Lastly, I detest long balls into crowded areas, whether from a free kick or gained possession at the back line. It just doesn’t make sense to me. In all of the above scenarios, you go from 100% possession to 50/50% at best. The only time it makes sense to me is if the fee kick is inside the midfield and a ball can be sent into the box. Lofted balls into the box may indeed net a chance on goal and, even if it doesn’t, the gains in territory into the attacking third is worth the 50/50 risk of losing possession. I do not have a formula for it, but I recognize the risk-reward of lofted balls played into the box.
A short word on crosses too — sometimes, like Jenkinson’s game for Arsenal against Marseille — they are simply wasted balls. Good defensive units track backwards and are aware of the cross. The deeper the crosser gets, the worse his angle to provide service. In many instances, wingers or backs moving up cross without purpose or thought — sending in lofted crosses when there are 4 defenders in the box and only 1 attacker. To me, that is another waste. Here is Djourou’s (Jenkinson’s replacement) cross — notice how deep he was on the cross, the bend of the ball (keeps his players onside), and the angle. Also, Ramsey did a great job of setting up his shot.
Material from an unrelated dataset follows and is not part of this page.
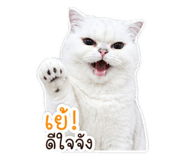 844100804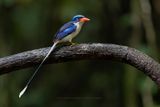 Common Paradise Kingfisher - Tanysiptera galatea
So, I watched Arsenal v Sunderland on Sunday, October 16 and kept track of all long ball opportunities (I will call them LBOs). What I discovered was that Arsenal played short on almost all LBOs while Sunderland almost always played long. Here is a breakdown (my numbers may be a little off — kids interrupting):
1. Of the 6 goal kicks I mapped for Arsenal, they played 3 short and 3 long. Of the three long, they maintained possession only once.
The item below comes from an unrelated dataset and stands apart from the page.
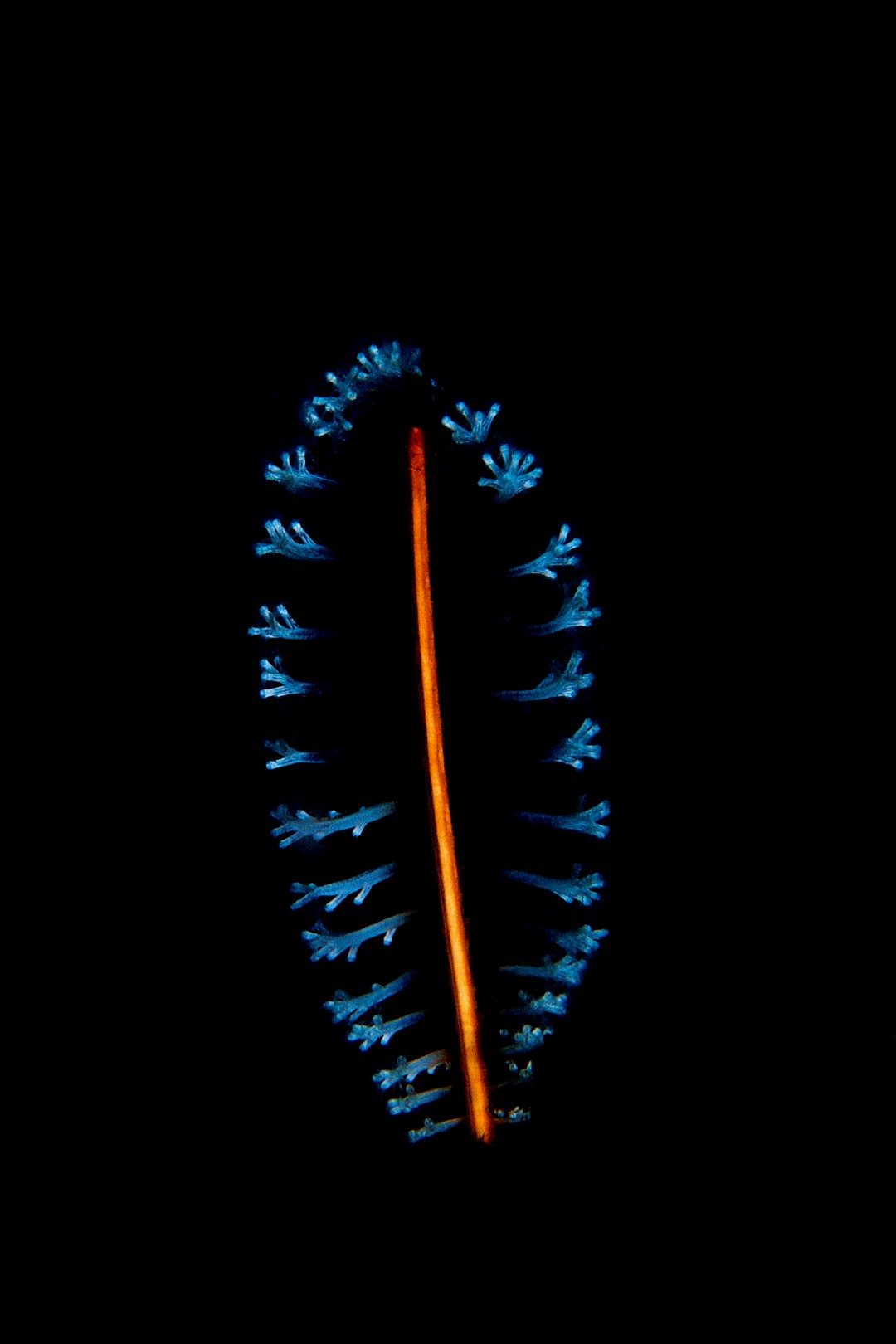 20140918 Aer Prang_0014 (Large)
2. Of the 7 goal kicks I mapped for Sunderland, they played long all 7 times. They lost possession six times and once gained a throw in near the landing area.
3. Of Free kicks (and there were a lot in this game), I counted 19 direct and indirect kicks for Arsenal. Of those, Arsenal played short 16 times with the remaining 3 being shots on goal (25 yards and in). Robbie van Persie scored one from 30 yards to win the match. Interestingly, Arsenal had approximately 8 DFKs from inside 40 yards and only managed one attempt on goal (and it scored) that was threatening. In fact, around the 51st minute, they had a DFK from around 30 yards and played it as an IFK with a short touch. This is where I believe Arsenal was being too clever.
4. For Sunderland, as you can tell from the GKs, they used their DFKs to gain territory, but mostly lost possession. I counted 7 DFKs for which they played long. If they were within range of the goal, they would, of course play it into the box. Of the long passes, only the one in the 56th minute seemed to be productive. They parlayed that service into a chance at goal. Similarly, their GK gained possession several times and, consistent with their strategy, punted deep into the field to nil effect. In the 45th minute, they were able to penetrate deep off of a punt to create a potential chance. Otherwise, the punts usually netted nothing.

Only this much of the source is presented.